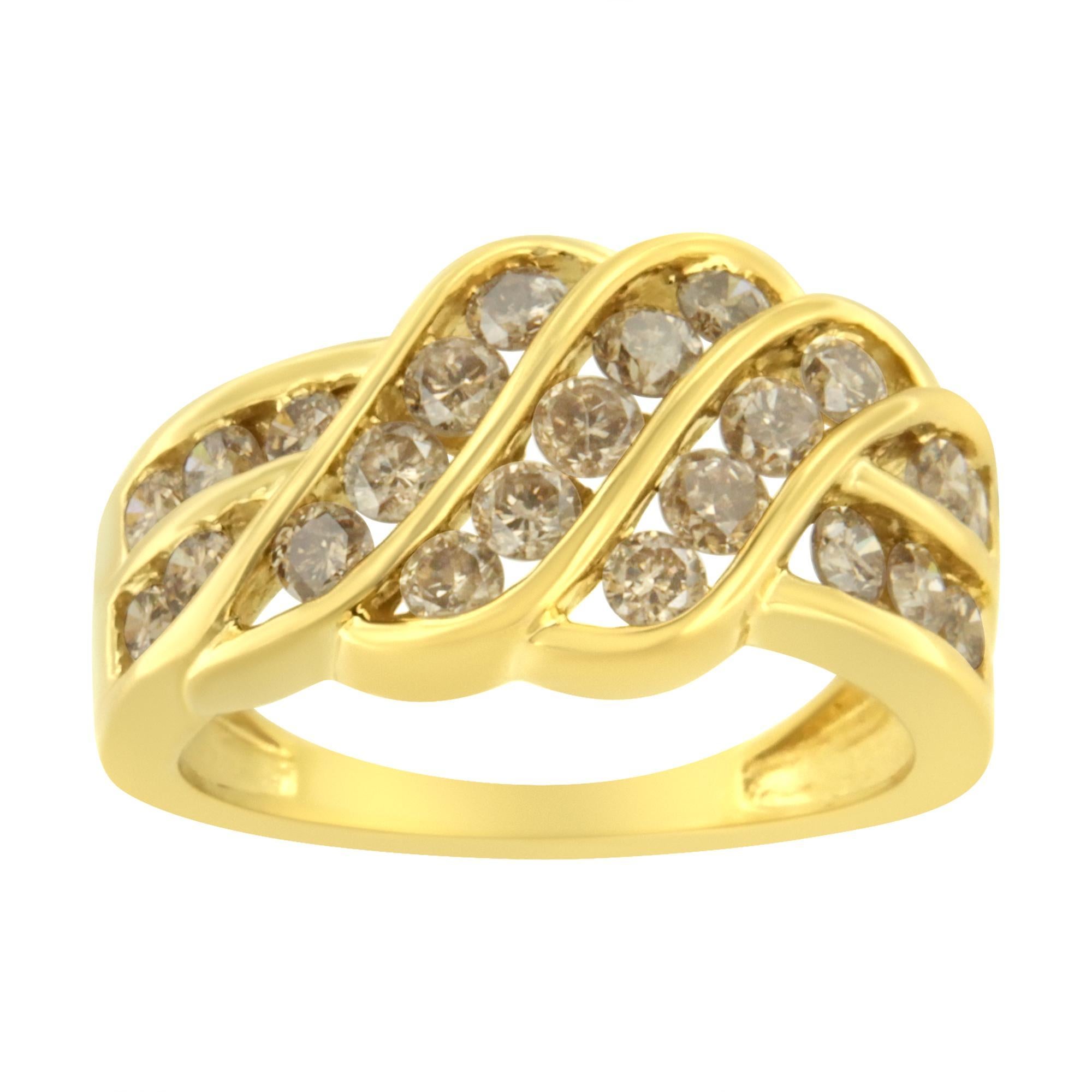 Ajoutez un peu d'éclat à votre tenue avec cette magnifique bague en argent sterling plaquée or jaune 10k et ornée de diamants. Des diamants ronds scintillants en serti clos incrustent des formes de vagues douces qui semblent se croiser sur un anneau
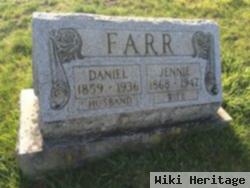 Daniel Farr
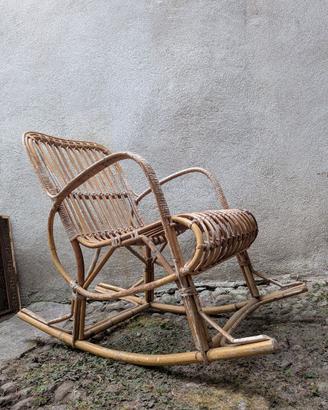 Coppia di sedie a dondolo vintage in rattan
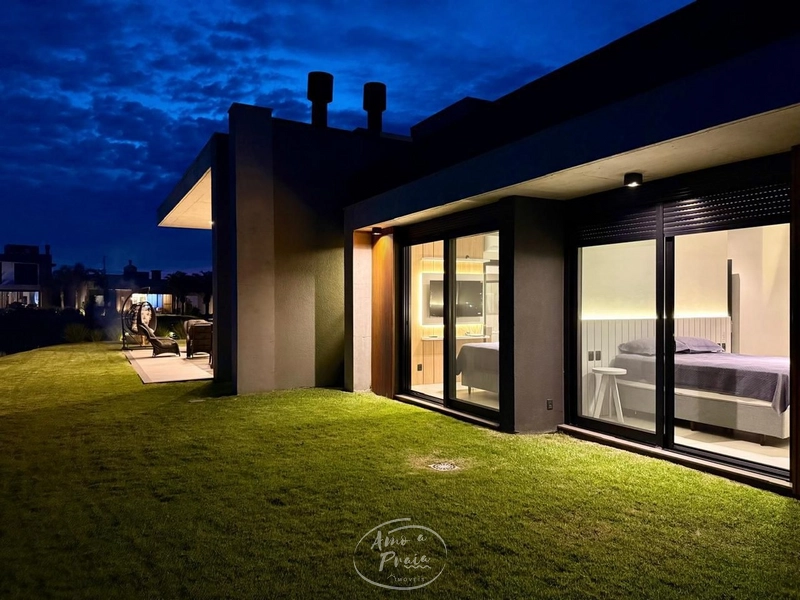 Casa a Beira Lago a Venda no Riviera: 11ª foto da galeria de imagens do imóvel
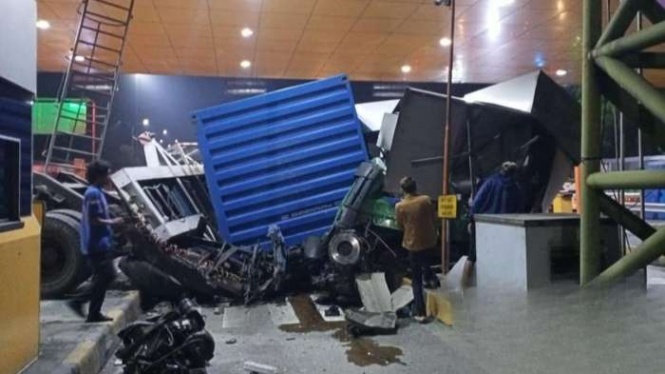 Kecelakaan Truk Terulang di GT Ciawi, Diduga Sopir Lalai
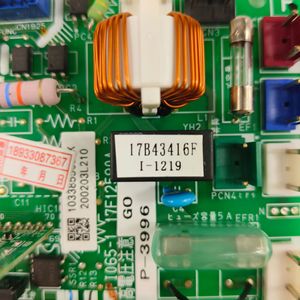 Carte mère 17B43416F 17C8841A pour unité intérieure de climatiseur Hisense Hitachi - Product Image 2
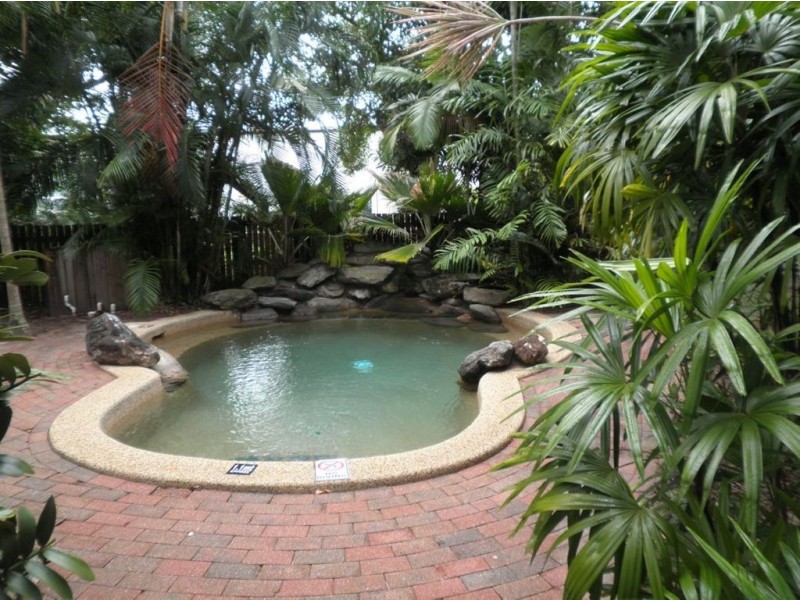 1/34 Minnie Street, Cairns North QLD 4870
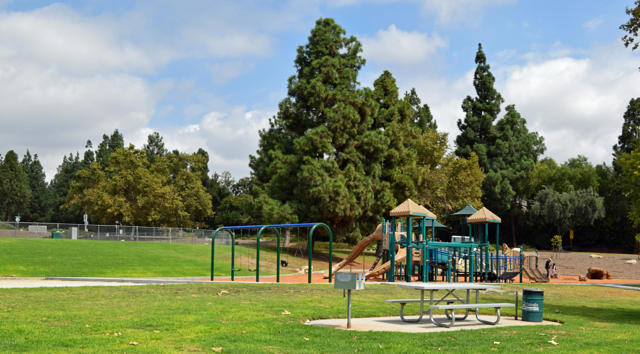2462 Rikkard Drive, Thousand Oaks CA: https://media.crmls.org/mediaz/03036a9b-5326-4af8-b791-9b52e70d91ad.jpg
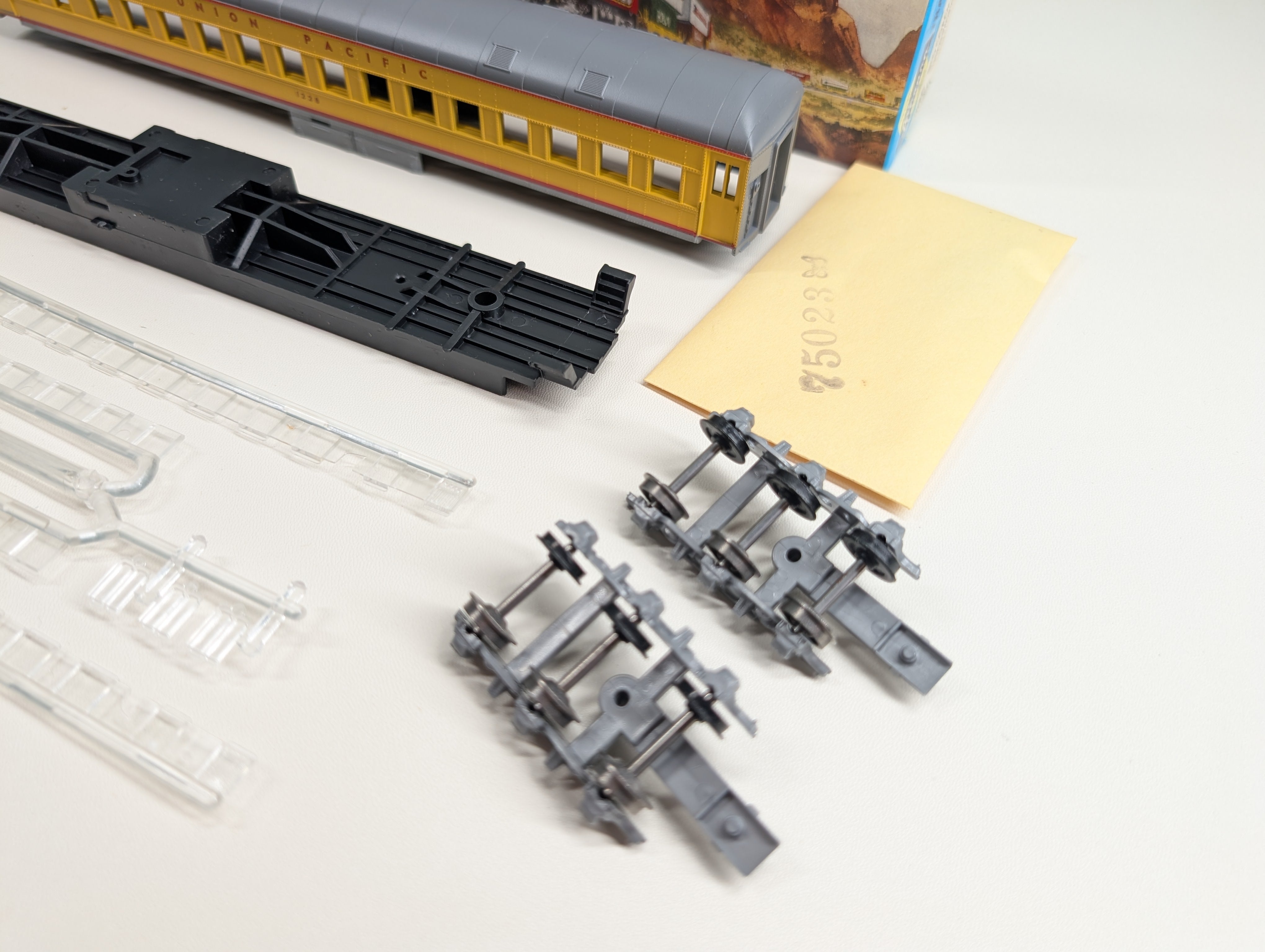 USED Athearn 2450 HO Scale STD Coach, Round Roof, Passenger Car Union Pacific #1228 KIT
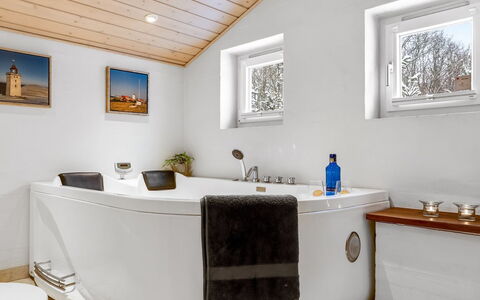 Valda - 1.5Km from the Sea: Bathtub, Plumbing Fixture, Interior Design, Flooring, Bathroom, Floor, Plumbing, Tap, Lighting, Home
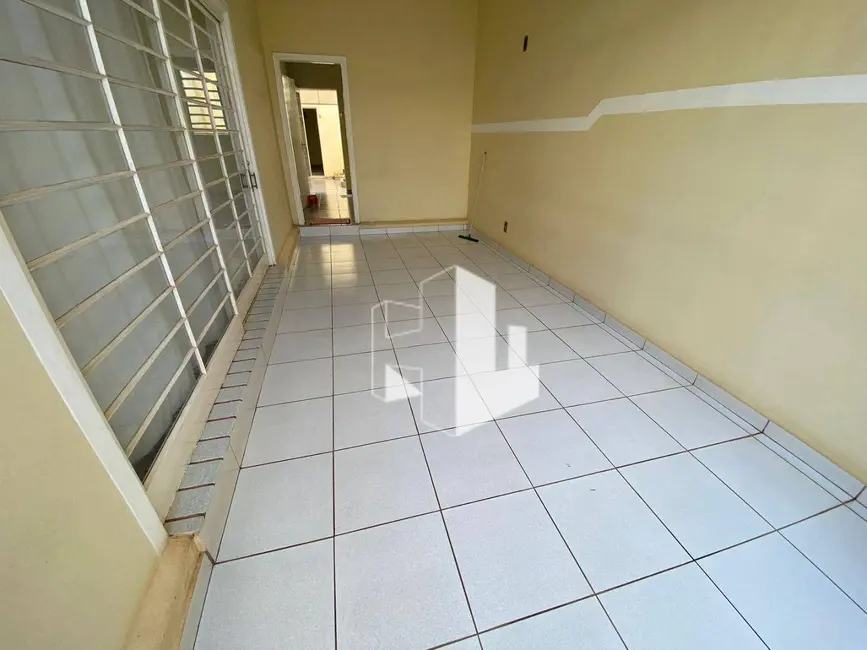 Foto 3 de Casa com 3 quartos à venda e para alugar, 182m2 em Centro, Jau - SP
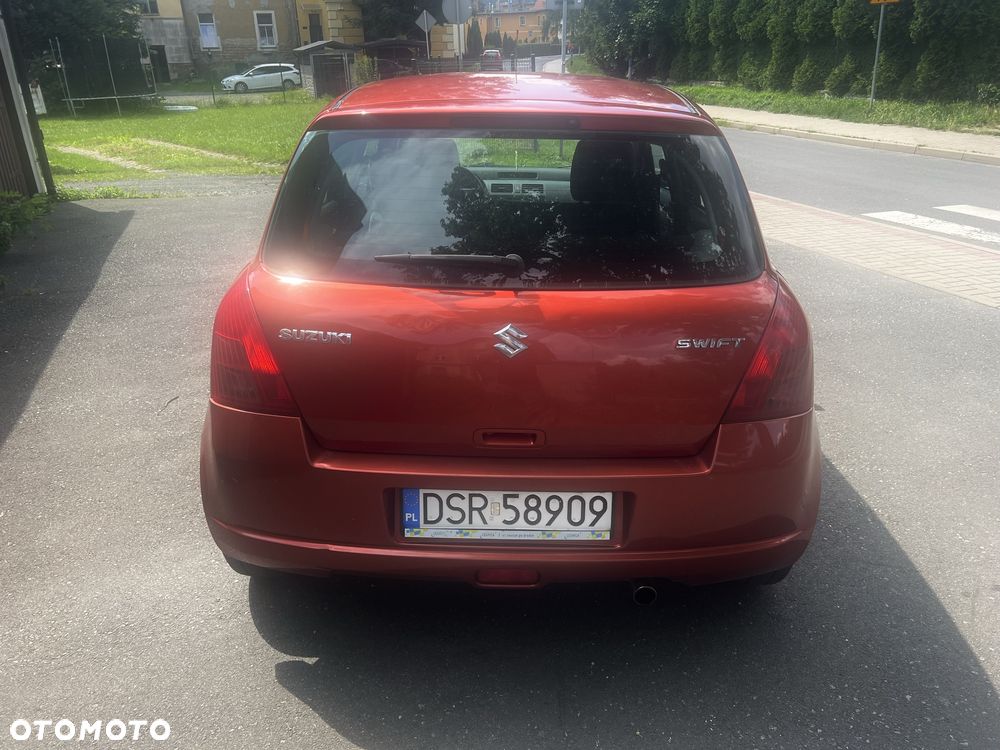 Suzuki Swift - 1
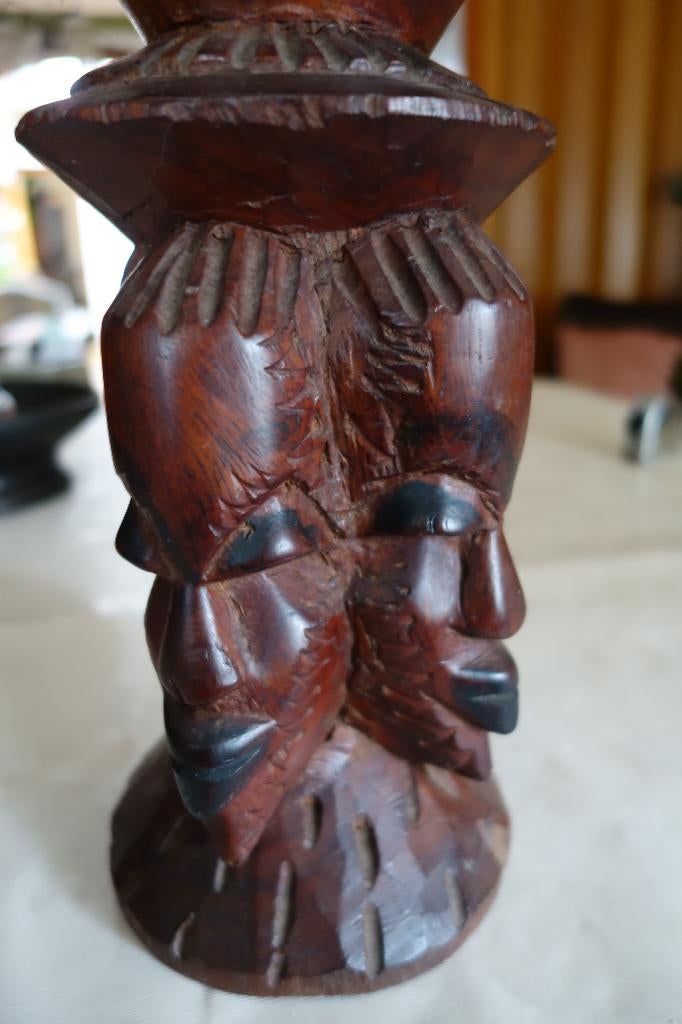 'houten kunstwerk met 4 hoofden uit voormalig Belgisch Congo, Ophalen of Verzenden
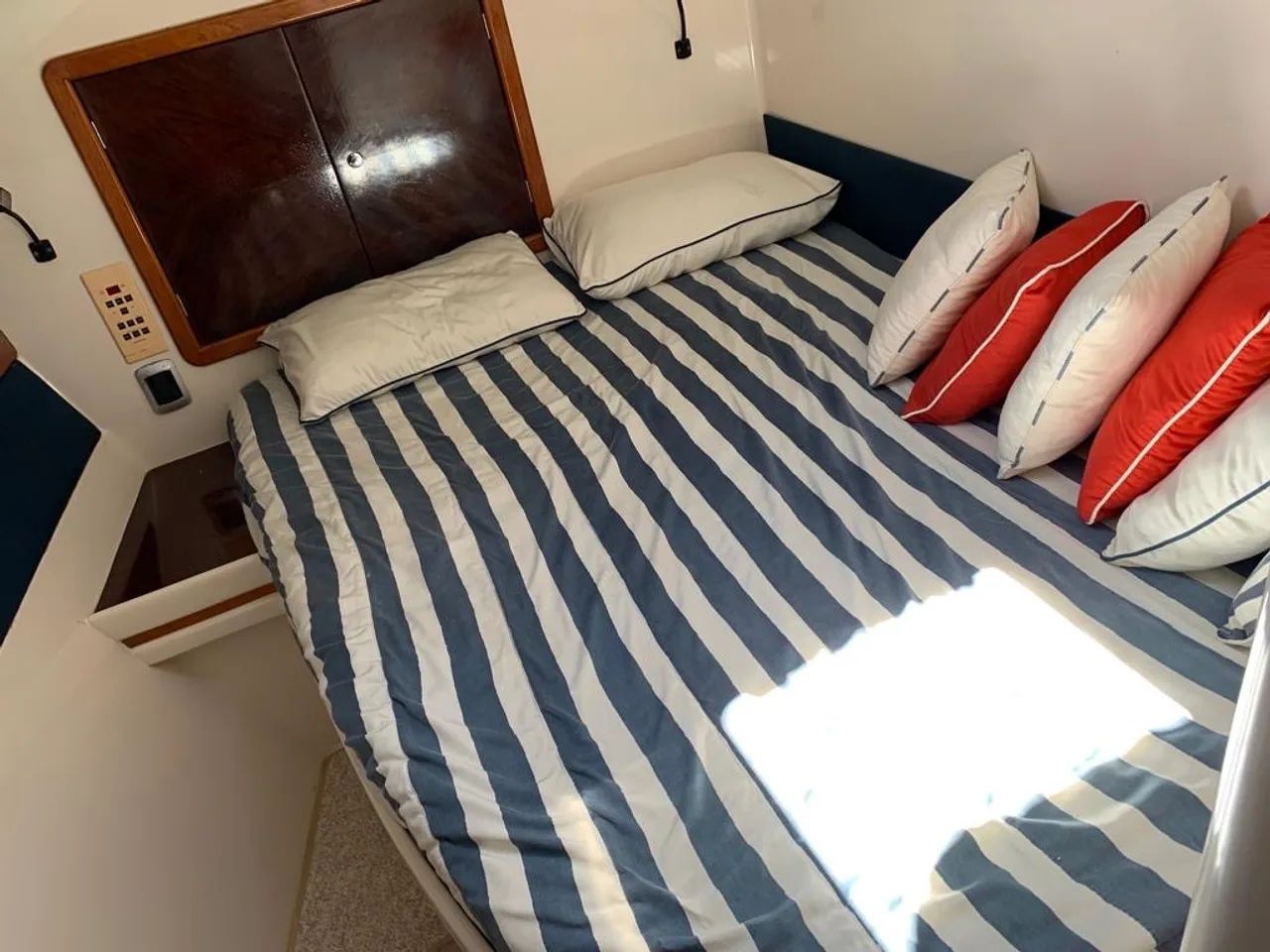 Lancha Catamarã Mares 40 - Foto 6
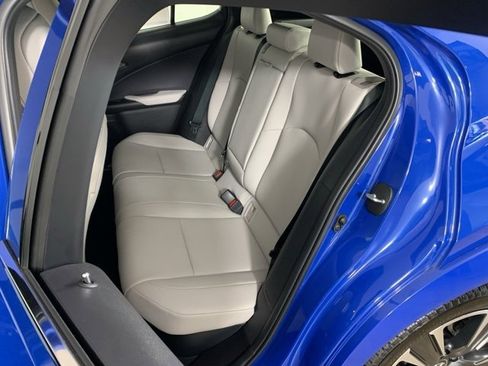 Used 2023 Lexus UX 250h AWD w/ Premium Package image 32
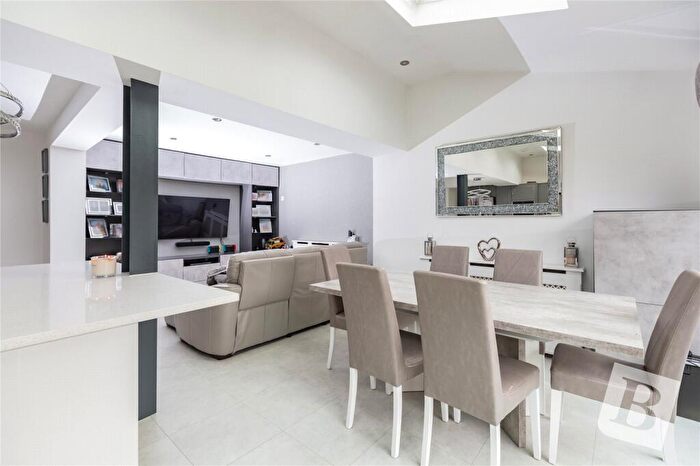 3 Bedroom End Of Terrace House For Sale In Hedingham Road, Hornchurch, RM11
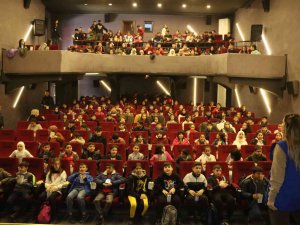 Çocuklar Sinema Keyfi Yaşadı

────────────────

Give back the listing exactly, with the pictures removed.

• **Completed task**:
 Ajoutez un peu d'éclat à votre tenue avec cette magnifique bague en argent sterling plaquée or jaune 10k et ornée de diamants. Des diamants ronds scintillants en serti clos incrustent des formes de vagues douces qui semblent se croiser sur un anneau
 Daniel Farr
 Coppia di sedie a dondolo vintage in rattan
 Casa a Beira Lago a Venda no Riviera: 11ª foto da galeria de imagens do imóvel
 Kecelakaan Truk Terulang di GT Ciawi, Diduga Sopir Lalai
 Carte mère 17B43416F 17C8841A pour unité intérieure de climatiseur Hisense Hitachi - Product Image 2
 1/34 Minnie Street, Cairns North QLD 4870
2462 Rikkard Drive, Thousand Oaks CA: https://media.crmls.org/mediaz/03036a9b-5326-4af8-b791-9b52e70d91ad.jpg
 USED Athearn 2450 HO Scale STD Coach, Round Roof, Passenger Car Union Pacific #1228 KIT
 Valda - 1.5Km from the Sea: Bathtub, Plumbing Fixture, Interior Design, Flooring, Bathroom, Floor, Plumbing, Tap, Lighting, Home
 Foto 3 de Casa com 3 quartos à venda e para alugar, 182m2 em Centro, Jau - SP
 Suzuki Swift - 1
 'houten kunstwerk met 4 hoofden uit voormalig Belgisch Congo, Ophalen of Verzenden
 Lancha Catamarã Mares 40 - Foto 6
 Used 2023 Lexus UX 250h AWD w/ Premium Package image 32
 3 Bedroom End Of Terrace House For Sale In Hedingham Road, Hornchurch, RM11
 Çocuklar Sinema Keyfi Yaşadı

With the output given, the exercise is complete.